Any advice is much appreciated! Thanks in advance.

function fn_fft_v1p0(fftcoef, bins, DATAn, FFTn)

fftcoef = [fftcoef; (conj(flipud(fftcoef)))];     % fft coefficients
bins = [bins; (FFTn - flipud(bins) +2)];          % corresponding fft indices for fftcoef array

ttrend = zeros( (round(2*DATAn/3) - round(DATAn/3) + 1), 1); % preallocate

start = round(DATAn/3)-1;

tic;
for nn = start+1 : round(2*DATAn/3)  % loop over desired time indices
  % sum over all fft indices having non-zero coefficients
  arg = 2*pi*(bins-1)*(nn-1)/FFTn;
  ttrend(nn-start) = sum( fftcoef.*( cos(arg) + 1j*sin(arg)); 
end
toc;

end
2
See fftw.org/pruned.html for an analysis of the potential savings. It may not be worth it.mtrw
You're looking at length(bins)*(2*DATAn/3) operations, better than DATAn*lg(DATAn) for the FFT approach if 2*length(bins)/3 > lg(DAtan) (since FFTW handles non-power-of-2 transform sizes, I'm ignoring the zero-padding). For the case of 10 bins and 2^25 output points, that's '20/3 > 25', a potential factor of 3 improvement. As soon as you get to 75 FFT coeffs, you've lost the advantage. And you have to code the algorithm in C and maintain it.mtrw
Thanks mtrw, I reviewed the link above a few days ago. It originally gave me hope because it states: "Because of this, I would not recommend bothering to consider a pruned 1d FFT unless you want 1% of the outputs or fewer (and/or if 1% or fewer of your inputs are nonzero)." In my case, less than 0.00001% of my input (coefficients to IDFT) are nonzero. I think this should be the dominant reason for increase in speed, rather than the factor of 3 improvement you cite above.ggkmath

2 Answers

3
votes

You have to keep in mind that Matlab uses a compiled fft library (http://www.fftw.org/) for its fft functions, which besides operating much faster then a Matlab script, it is well optimized for many use-cases. So a first step might be writing your code in c/c++ and compiling it as a mex file you can use within Matlab. That will surely speed up your code at least an order of magnitude (probably more).

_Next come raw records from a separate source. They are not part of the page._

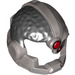 LEGO Flat Silver Cyborg Helmet with Black Hair and Red Dot (19191)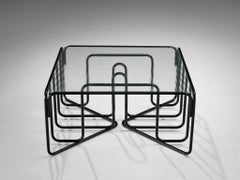 Dutch Black Tubular Coffee Table With Glass Top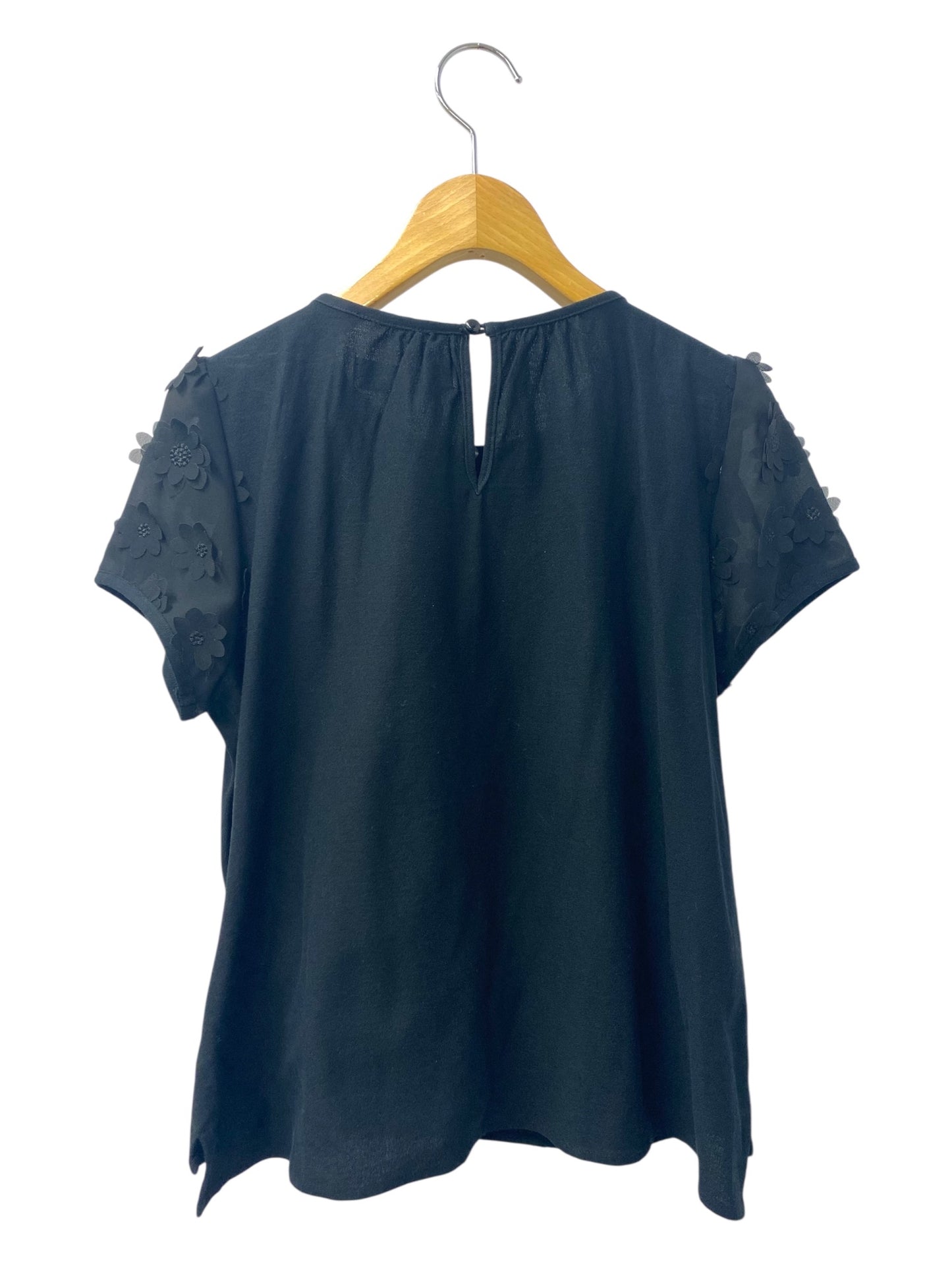エムズグレイシー 625344 Tシャツ カットソー 38 ブラック フラワーモチーフ IT50REQIAG8K 【SALE】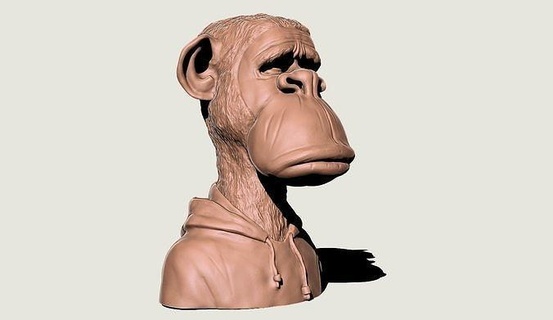 ape nft monkey 1 monkry digitalinida art bored animal indian avtaras 3d sculptures modal statue sculpture 3d print model - Mito3D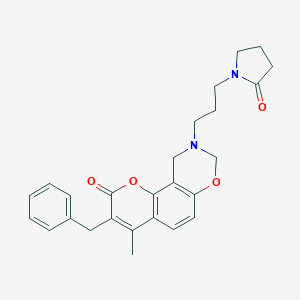 molecular formula C26H28N2O4 B257963 3-benzyl-4-methyl-9-[3-(2-oxo-1-pyrrolidinyl)propyl]-9,10-dihydro-2H,8H-chromeno[8,7-e][1,3]oxazin-2-one 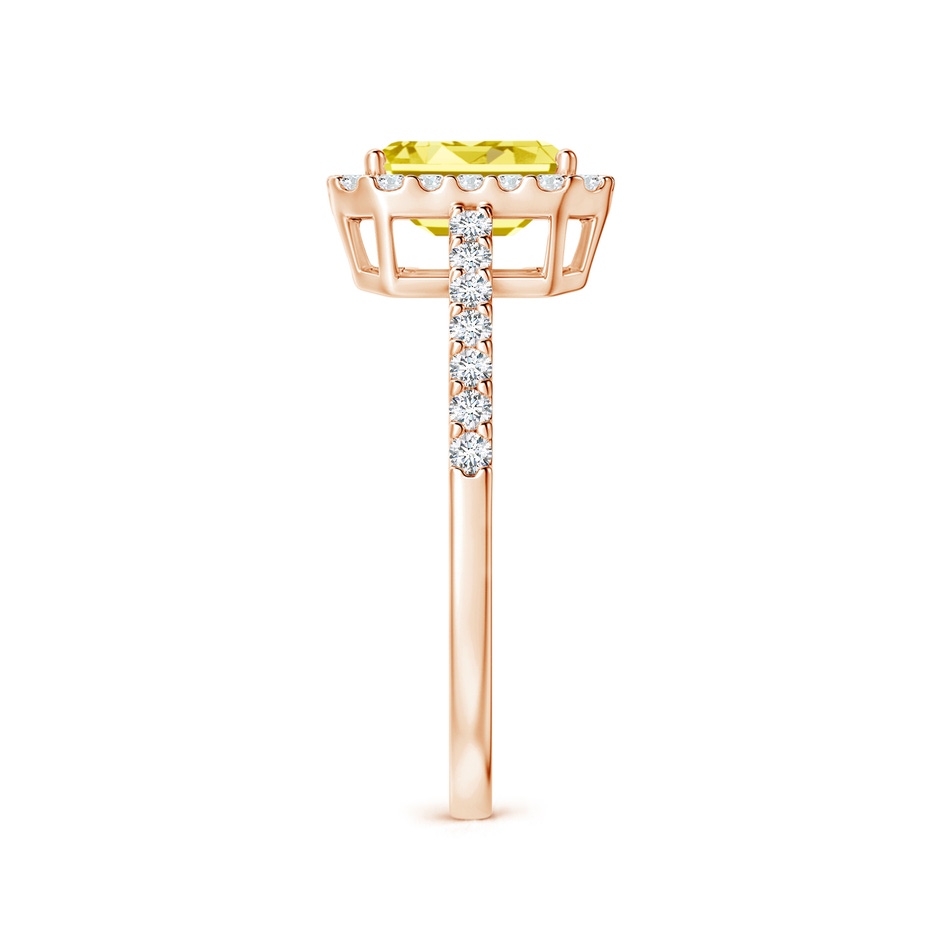 5x3mm Labgrown Emerald-Cut Lab-Grown Fancy Intense Yellow Diamond Halo Ring in Rose Gold side 299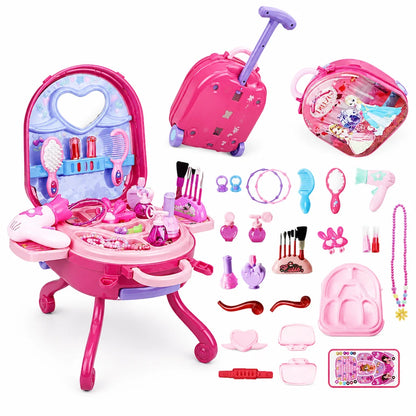 ✨ 3-in-1 Princess Vanity Suitcase — 30 Makeup Toys & Rolling Trolley 🧳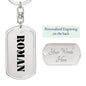 Roman - Luxury Dog Tag Keychain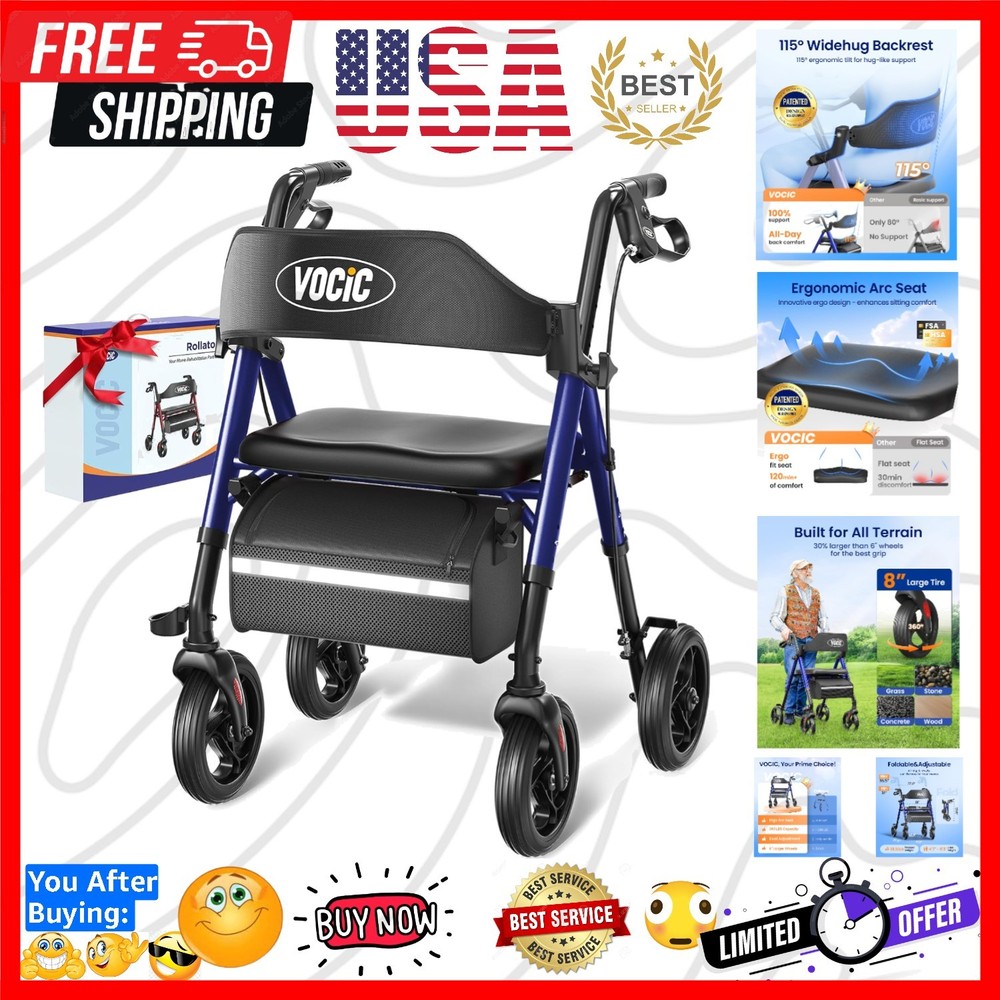 Walkers for Seniors, Z21 Rollator Walker with Seat Supports 350lb, 8″ Big Whe…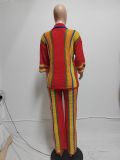 Hollow Out Stripe Knits Two Piece Pant Set QXTF-83020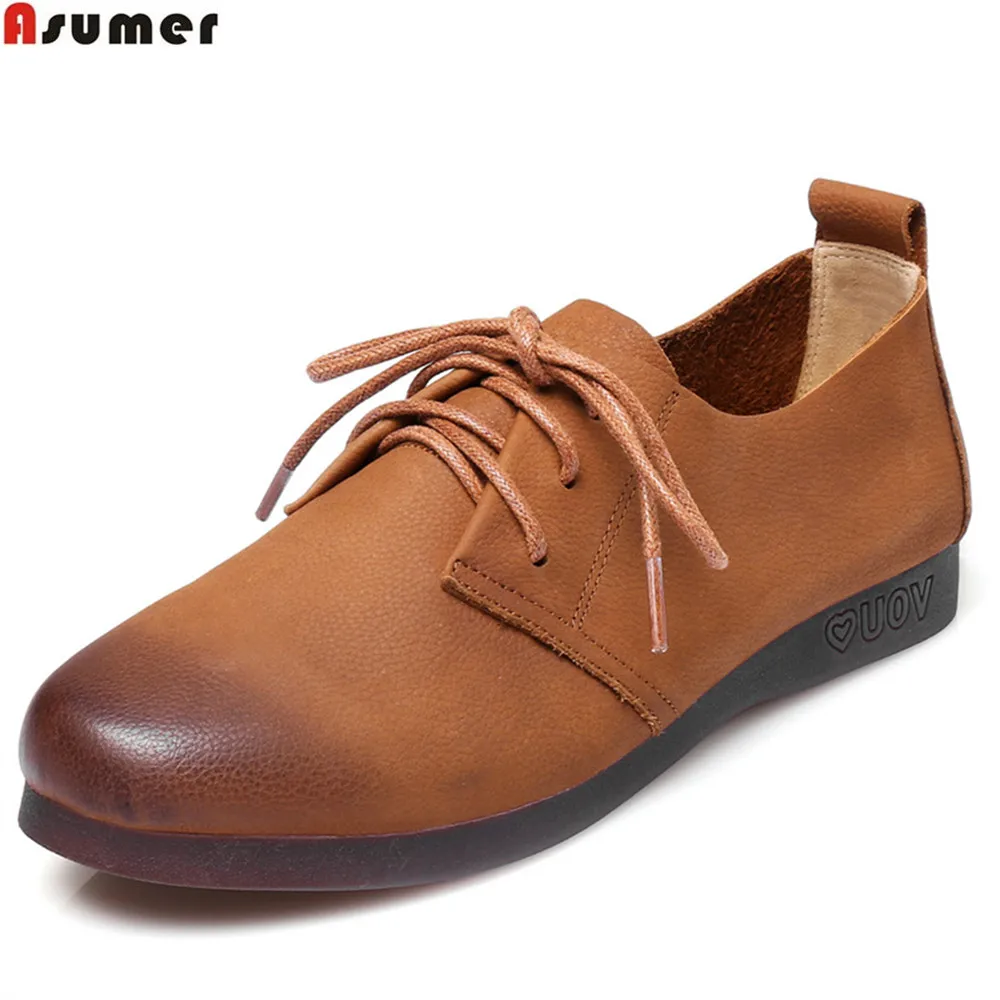 

Asumer black brown fashion spring autumn ladies flat shoes round toe casual lace up comfortable women genuine leather flats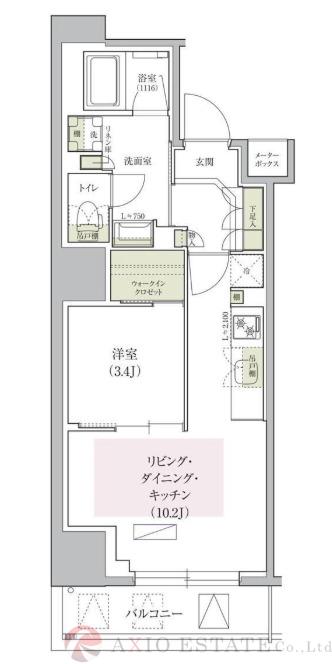 大手前の完工年月(2025年3月)築の賃貸マンションの間取り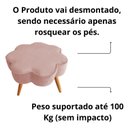 Ver imagem 3 de Puff Flor Decorativo Redondo Banqueta Pés Palito Veludo Cor:rosa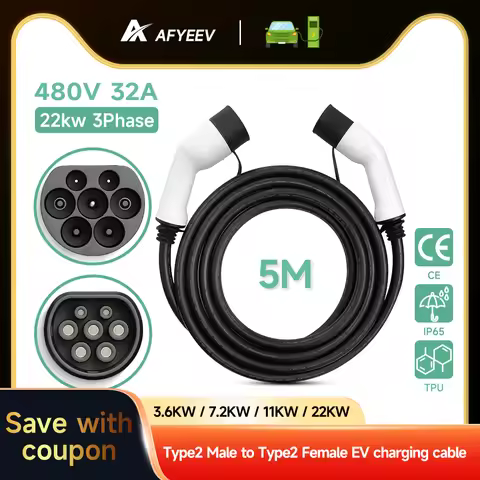 EV charging cable Electric car charger 32A three-phase 22kw IEC 62196 32A EVSE kit EV cable type 2 t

Besides that, one simple optimization you can do is by considering 2 things:

  1. You assume your time series is real valued, so you can use the symmetry of the fft coeffs.
  2. Your time series is typically much longer then your fft coeffs vector, so it is better to iterate over bins instead of time points (thus vectorizing the longer vector).

These two points are translated to the following loop:

nn=(start+1 : round(2*DATAn/3))';
ttrend2 = zeros( (round(2*DATAn/3) - round(DATAn/3) + 1), 1);
tic;
for bn = 1:length(bins)
     arg = 2*pi*(bins(bn)-1)*(nn-1)/FFTn; 
     ttrend2 = ttrend2 +  2*real(fftcoef(bn) * exp(i*arg)); 
end
toc;

Note you have to use this loop before you expand bins and fftcoef, since the symmetry is already taken into account. This loop takes 8.3 seconds to run with the parameters from your question, while it takes on my pc 141.3 seconds to run with your code.

0
votes

I have posted a question/answer at Accelerating FFTW pruning to avoid massive zero padding which solves the problem for the C++ case using FFTW. You can use this solution by exploiting mex-files.